Operator precedence in infix notation by automatic parenthesizing

Posted April 10, 2016 at 01:32 PM | categories: hylang | tags:

1. Another test of a real problem

I am continuing some investigation in getting operator precedence right with infix notation. You can fully parenthesize your expressions for this, but it is tedious and hard to read. Apparently in Fortran I (yep, one) the compiler would expand each operator in an expression with a sequence of parentheses to get the precedence right (https://en.wikipedia.org/wiki/Operator-precedence_parser )!

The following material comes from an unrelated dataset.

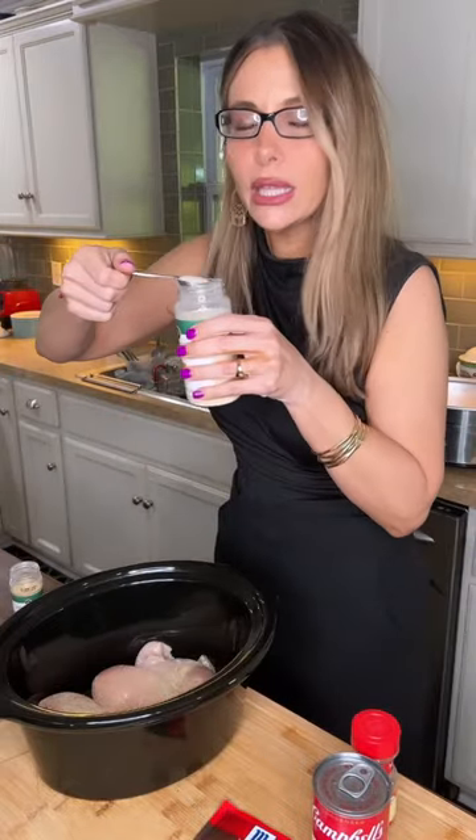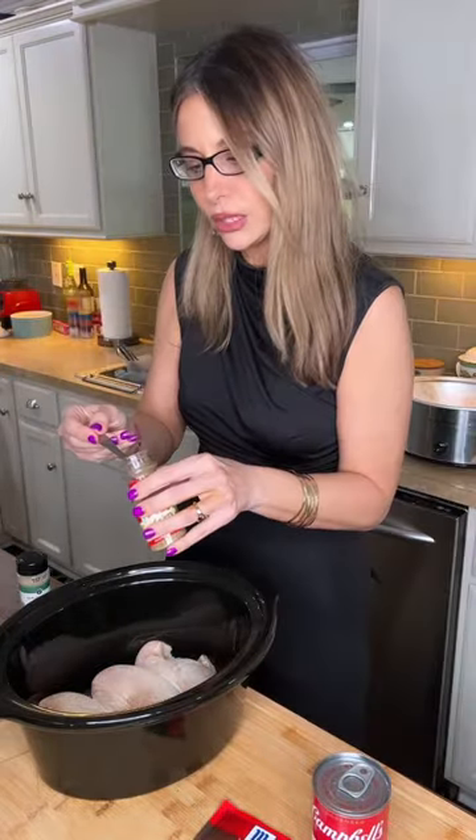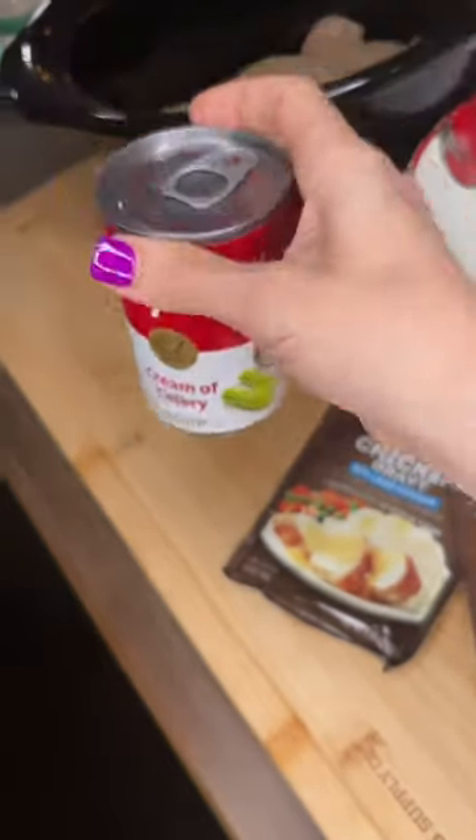Three fat chicken breasts, garlic, onion powder. This thing is the main ingredient of ranch. Celery salt is superior to regular salt. Cream of celery, turkey gravy.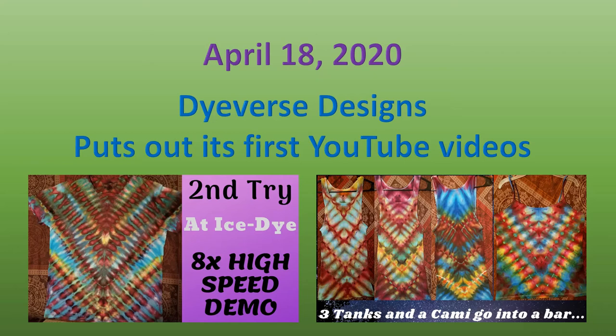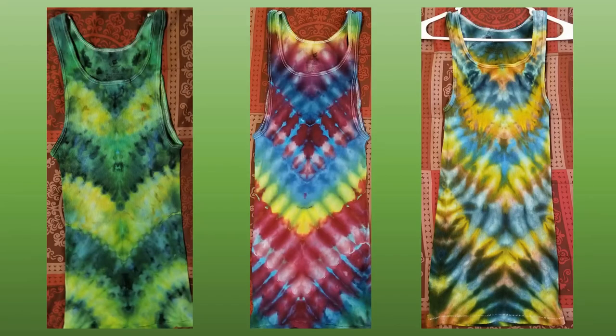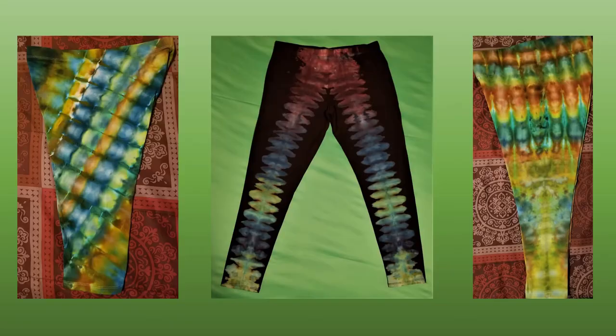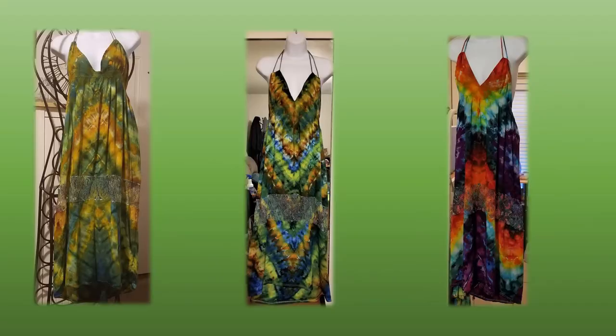I really wanted to try anything I could do — I didn't want to just do T-shirts. I figured if I'm gonna sell, I need to do different things. So I started doing everything I could get my hands on: turtlenecks, tank tops, oversized tanks, muscle T-shirts, capris, dusters, designer hoodies, and dresses.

Roughly, these were the rules.

replace + and – with ))+(( and ))-((, respectively;
replace * and / with )*( and )/(, respectively;
add (( at the beginning of each expression and after each left parenthesis in the original expression; and
add )) at the end of the expression and before each right parenthesis in the original expression.

So this

a * b + c ^ d / e

becomes

((((a))*((b)))+(((c)^(d))/((e))))

Not too pretty, but correct! The wikipedia page provides an example C program to implement this, and we adapt it here for hy. The idea is to take an expression as a string, parenthesize it, and then we could eval it.

(defn parenthesize [input]
  "Fully parenthize the input string."
  (let [s ""]
    (+= s "((((")
    (for [(, i char) (enumerate input)]
      (cond
       [(= char "(")
        (+= s "((((")]
       [(= char ")")
        (+= s "))))")]
       ;; rewrite ^ to **
       [(= char "^")
        (+= s ")**(")]
       [(= char "*")
        (+= s "))*((")]
       [(= char "/")
        (+= s "))/((")]
       [(= char "+")
        (if (or (= 0 i) (in (get input (- i 1)) ["(" "^" "*" "/" "+" "-"]))
          (+= s "+ ")
          (+= s ")))+((("))]
       [(= char "-")
        (if (or (= 0 i) (in (get input (- i 1)) ["(" "^" "*" "/" "+" "-"]))
          (+= s "- ")
          (+= s ")))-((("))]
       [true
        (+= s char)]))
    (+= s "))))")
    s))

Let's try it out.

(import [infix [*]])

(print (parenthesize "a * b + c ^ d / e"))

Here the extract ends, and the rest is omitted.